• _PROBLEM STATEMENT_: Where the string "Fabric" appears in a line of the material below, copy that line.

• _ENTRIES SHOWN_:
Content starts

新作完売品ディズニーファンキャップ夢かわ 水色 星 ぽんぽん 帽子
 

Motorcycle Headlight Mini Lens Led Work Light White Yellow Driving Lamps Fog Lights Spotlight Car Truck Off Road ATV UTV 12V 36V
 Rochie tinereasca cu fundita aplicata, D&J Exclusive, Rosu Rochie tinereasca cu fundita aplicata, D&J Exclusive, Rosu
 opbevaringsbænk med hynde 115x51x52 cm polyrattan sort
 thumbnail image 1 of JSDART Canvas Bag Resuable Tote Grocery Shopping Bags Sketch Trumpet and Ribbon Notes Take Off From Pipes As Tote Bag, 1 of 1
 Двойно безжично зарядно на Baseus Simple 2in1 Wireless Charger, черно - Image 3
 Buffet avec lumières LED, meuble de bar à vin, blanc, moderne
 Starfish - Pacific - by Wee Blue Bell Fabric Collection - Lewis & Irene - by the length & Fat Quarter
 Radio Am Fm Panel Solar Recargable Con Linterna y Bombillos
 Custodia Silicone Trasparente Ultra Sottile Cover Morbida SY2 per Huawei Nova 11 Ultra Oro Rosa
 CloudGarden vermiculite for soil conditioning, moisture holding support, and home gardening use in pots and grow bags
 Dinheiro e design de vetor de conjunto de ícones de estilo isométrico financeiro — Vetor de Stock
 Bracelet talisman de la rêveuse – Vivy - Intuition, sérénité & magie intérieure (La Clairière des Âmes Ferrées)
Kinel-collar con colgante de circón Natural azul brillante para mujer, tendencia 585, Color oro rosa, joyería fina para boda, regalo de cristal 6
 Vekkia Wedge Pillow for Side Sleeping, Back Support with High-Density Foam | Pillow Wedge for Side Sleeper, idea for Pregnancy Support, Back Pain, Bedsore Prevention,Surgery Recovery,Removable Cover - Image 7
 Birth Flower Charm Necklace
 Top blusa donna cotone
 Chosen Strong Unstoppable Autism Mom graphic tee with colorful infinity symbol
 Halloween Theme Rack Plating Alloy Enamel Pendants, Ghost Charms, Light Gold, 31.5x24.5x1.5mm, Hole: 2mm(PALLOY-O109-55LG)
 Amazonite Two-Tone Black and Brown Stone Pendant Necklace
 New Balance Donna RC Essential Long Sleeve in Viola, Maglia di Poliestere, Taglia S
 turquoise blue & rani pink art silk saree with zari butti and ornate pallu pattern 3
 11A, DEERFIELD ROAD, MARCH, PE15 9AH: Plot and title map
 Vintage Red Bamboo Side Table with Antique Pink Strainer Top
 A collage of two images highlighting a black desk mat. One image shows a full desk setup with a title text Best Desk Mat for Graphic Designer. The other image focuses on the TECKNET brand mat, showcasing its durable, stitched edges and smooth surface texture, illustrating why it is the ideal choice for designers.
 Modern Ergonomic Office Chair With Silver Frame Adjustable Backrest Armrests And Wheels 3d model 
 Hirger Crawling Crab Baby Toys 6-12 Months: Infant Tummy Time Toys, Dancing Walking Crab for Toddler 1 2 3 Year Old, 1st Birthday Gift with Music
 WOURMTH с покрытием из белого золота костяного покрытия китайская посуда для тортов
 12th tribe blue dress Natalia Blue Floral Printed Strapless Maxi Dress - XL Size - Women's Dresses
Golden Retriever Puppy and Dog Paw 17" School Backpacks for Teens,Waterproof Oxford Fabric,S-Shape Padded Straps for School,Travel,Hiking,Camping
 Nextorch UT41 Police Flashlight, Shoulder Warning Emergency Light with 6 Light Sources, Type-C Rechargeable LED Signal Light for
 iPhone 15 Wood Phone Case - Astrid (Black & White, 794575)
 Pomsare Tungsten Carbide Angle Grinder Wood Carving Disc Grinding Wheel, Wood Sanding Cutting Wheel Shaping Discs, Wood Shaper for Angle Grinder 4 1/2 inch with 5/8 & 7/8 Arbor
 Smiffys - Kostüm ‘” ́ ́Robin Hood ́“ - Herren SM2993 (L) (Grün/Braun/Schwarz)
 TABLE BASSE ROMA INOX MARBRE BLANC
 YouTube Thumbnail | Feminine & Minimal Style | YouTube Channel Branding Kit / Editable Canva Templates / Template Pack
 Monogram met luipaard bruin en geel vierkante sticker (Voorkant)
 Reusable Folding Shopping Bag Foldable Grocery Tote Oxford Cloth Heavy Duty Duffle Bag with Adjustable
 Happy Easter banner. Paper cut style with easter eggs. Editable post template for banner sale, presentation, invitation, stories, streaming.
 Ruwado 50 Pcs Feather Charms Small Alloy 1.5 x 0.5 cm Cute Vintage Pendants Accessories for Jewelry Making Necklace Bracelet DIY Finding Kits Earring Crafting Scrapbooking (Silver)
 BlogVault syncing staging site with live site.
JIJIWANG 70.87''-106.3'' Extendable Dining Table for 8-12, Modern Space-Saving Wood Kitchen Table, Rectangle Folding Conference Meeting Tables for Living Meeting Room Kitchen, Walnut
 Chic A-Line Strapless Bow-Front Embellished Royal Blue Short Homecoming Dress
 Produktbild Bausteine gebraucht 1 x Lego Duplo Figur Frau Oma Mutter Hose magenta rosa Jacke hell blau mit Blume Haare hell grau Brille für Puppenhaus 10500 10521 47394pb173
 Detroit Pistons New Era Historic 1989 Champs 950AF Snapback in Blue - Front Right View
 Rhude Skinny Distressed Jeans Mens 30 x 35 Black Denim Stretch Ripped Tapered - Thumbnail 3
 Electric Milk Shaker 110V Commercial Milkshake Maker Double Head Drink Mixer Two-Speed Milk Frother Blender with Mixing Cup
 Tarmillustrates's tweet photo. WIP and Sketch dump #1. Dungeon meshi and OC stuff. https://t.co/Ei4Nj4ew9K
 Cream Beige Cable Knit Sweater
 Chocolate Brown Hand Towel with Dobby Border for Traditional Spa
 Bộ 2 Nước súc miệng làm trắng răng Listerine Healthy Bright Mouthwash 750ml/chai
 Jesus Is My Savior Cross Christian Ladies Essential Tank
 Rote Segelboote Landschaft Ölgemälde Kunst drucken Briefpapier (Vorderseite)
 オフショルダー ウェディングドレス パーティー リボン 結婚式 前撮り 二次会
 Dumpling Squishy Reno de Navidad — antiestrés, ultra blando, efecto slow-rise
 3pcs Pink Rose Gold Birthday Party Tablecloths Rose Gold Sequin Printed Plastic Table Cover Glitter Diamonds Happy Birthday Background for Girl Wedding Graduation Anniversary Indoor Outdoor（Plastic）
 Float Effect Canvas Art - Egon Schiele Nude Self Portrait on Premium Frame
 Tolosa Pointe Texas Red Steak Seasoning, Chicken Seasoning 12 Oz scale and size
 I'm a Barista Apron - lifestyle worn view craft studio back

Content ends

• _RESULT FOR THIS TASK_:
 Starfish - Pacific - by Wee Blue Bell Fabric Collection - Lewis & Irene - by the length & Fat Quarter
Golden Retriever Puppy and Dog Paw 17" School Backpacks for Teens,Waterproof Oxford Fabric,S-Shape Padded Straps for School,Travel,Hiking,Camping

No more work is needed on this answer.